When reading a csv file with pandas.read_csv, it seems that when using the keyword converters some other preprocessing arguments (tested with decimal and na_values) seem to have no effect. Example:
import pandas as pd
from io import StringIO
txt = "A B C\n12,5 4 xxx\n3,1 7 5,6\n8 n/a 7"
buffer = StringIO(txt)
converters = {i: lambda x: x for i in range(3)} # dummy converter
df1 = pd.read_csv(buffer, sep=" ", decimal=",", na_values=["xxx"])
buffer.seek(0)
df2 = pd.read_csv(buffer, sep=" ", decimal=",", na_values=["xxx"], converters=converters)
print(df1)
print(df2)
A B C
0 12.5 4.0 NaN
1 3.1 7.0 5.6
2 8.0 NaN 7.0
A B C
0 12,5 4 xxx
1 3,1 7 5,6
2 8 n/a 7
df1 is imported correctly, while df2 holds unconverted strings (dtype: object). Obviously the arguments decimal and na_values are ignored as soon as a converter is defined explicitly for the column. Even the integrated default NA-conversion of the string "n/a" fails (keep_default_na=True)
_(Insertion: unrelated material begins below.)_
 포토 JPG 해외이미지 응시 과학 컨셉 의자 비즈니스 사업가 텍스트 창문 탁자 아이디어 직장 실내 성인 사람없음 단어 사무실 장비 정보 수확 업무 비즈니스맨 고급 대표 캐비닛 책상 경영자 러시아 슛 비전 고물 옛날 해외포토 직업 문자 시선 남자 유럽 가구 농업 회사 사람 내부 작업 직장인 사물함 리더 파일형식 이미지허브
Question: Is there a way to use converters and other preprocessing arguments together? Or do I have to extend my application specific converters with additional decimal sign and NA-value converters manually?
CodePudding user response:
No it's not possible. Even if the documentation is not clear about sep, decimal and thousands parameters except for dtype:
If converters are specified, they will be applied INSTEAD of dtype conversion.
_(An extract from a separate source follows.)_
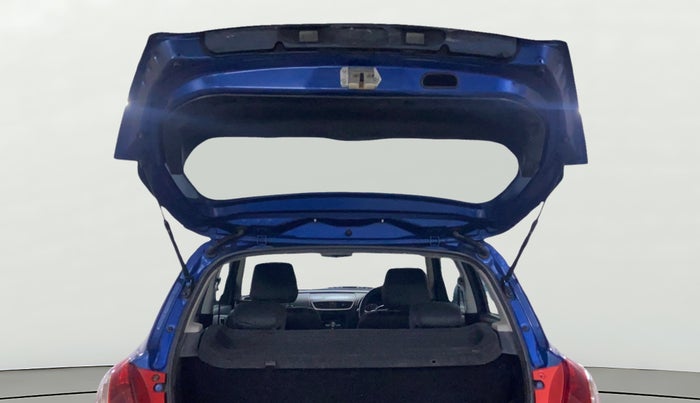 2013 Maruti Swift VDI, Diesel, Manual, 1,20,370 km, Boot Door Open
Consider this parameters as only used by the default converter of read_csv.
A possible solution is to let read_csv parse your file then use assign to modify the value of each column.
For instance:
df = (pd.read_csv('input.csv', sep=';', decimal=',', thousands='_')
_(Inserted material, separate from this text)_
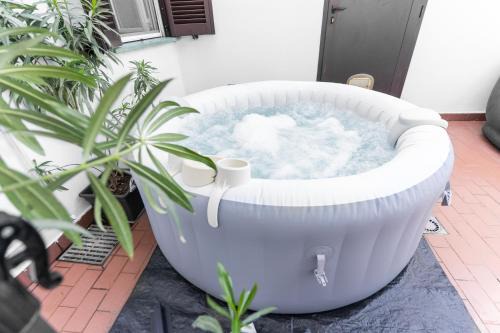 Casale Monferrato Apartment | Zen Jacuzzi Retreat mit Terrasse, Garage, Klimaanlage, 24 - 7 Check-in, Netflix und Disney Plus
.assign(col1=lambda x: converters(x['col1']),
col2=lambda x: converters(x['col2']))
CodePudding user response:
I didn't look into detail why it is so, but it looks like this depends on engine used. You can specify engine='python' in order for it to work
import pandas as pd
from io import StringIO
txt = "A B C\n12,5 4 xxx\n3,1 7 5,6\n8 4 7"
buffer = StringIO(txt)
converters = {i: lambda x: x for i in range(3)} # dummy converter
df1 = pd.read_csv(buffer, sep=" ", decimal=",", na_values=["xxx"])
buffer.seek(0)
df2 = pd.read_csv(buffer, sep=" ", decimal=",", na_values=["xxx"], converters=converters, engine='python')
print(df1)
print(df2)
output:
A B C
0 12.5 4 NaN
1 3.1 7 5.6
2 8.0 4 7.0
A B C
0 12.5 4 NaN
1 3.1 7 5.6
2 8 4 7